Electric field of a moving charge that's abruptly stopped

  • #1
vish22
34
1
Hello everyone,

This is in reference to fig 5.19 (screen shot attached - please read the paragraph which says "Figure 5.19 shows the...").
I don't get why the field outside of the sphere of radius ct acts as though the particle would have continued its motion. Author's words : "The field outside the sphere of radius R = ct must be that which would have prevailed if the electron had kept on moving at its original speed. That is why we see the “brush”
of field lines on the right in Fig. 5.19 pointing precisely down to the posi-
tion where the electron would be if it hadn’t stopped."

Why does it act this way? Why does the field outside R=ct assume an "apparent position" of the charge? Why does it think the charge is at x = v*t and that it remains in its state of motion?

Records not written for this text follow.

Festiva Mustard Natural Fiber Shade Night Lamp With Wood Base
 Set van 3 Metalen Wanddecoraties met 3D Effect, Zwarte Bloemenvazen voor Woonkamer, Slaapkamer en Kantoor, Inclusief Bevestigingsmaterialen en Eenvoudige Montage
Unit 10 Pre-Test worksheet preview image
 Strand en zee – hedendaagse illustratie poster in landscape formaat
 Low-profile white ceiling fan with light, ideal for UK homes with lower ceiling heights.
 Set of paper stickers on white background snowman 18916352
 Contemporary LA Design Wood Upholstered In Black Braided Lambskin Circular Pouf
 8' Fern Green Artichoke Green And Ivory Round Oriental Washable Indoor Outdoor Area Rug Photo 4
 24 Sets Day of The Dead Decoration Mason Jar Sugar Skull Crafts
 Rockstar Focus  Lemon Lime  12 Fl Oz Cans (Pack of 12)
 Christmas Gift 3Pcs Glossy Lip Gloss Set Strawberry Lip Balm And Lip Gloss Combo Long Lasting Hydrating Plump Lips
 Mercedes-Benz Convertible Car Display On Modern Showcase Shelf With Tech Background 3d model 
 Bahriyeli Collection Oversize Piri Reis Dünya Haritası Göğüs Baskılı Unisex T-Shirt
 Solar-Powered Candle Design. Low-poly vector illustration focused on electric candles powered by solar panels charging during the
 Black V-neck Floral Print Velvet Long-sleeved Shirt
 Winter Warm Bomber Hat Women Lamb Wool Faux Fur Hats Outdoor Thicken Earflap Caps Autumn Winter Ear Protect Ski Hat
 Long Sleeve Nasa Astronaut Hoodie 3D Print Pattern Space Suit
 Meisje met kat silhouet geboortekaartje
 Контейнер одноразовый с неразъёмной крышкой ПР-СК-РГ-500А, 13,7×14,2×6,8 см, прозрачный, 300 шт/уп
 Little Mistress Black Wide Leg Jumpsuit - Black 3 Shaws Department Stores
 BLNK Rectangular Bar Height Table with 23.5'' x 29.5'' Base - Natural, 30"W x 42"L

In my opinion, it would make more sense if the field (outside R=ct) acted as though the particle is in a state of motion (with uniform velocity v) at x=0, ie. The field outside R=ct must belong to that of a charge moving (with a uniform velocity v along the x-axis and situated at x=0), before transforming into an electrostatic field belonging to a charge that's stationary at x=0. The field will transform once it knows the particle has stopped. But before such a transformation occurs, the field should reflect the actual state of the particle right before it's abruptly stopped, no (neglect any deceleration effects)? I'm not sure why the field assumes an "apparent position" in this case.This just doesn't seem right to me - I'm not sure what to make of it.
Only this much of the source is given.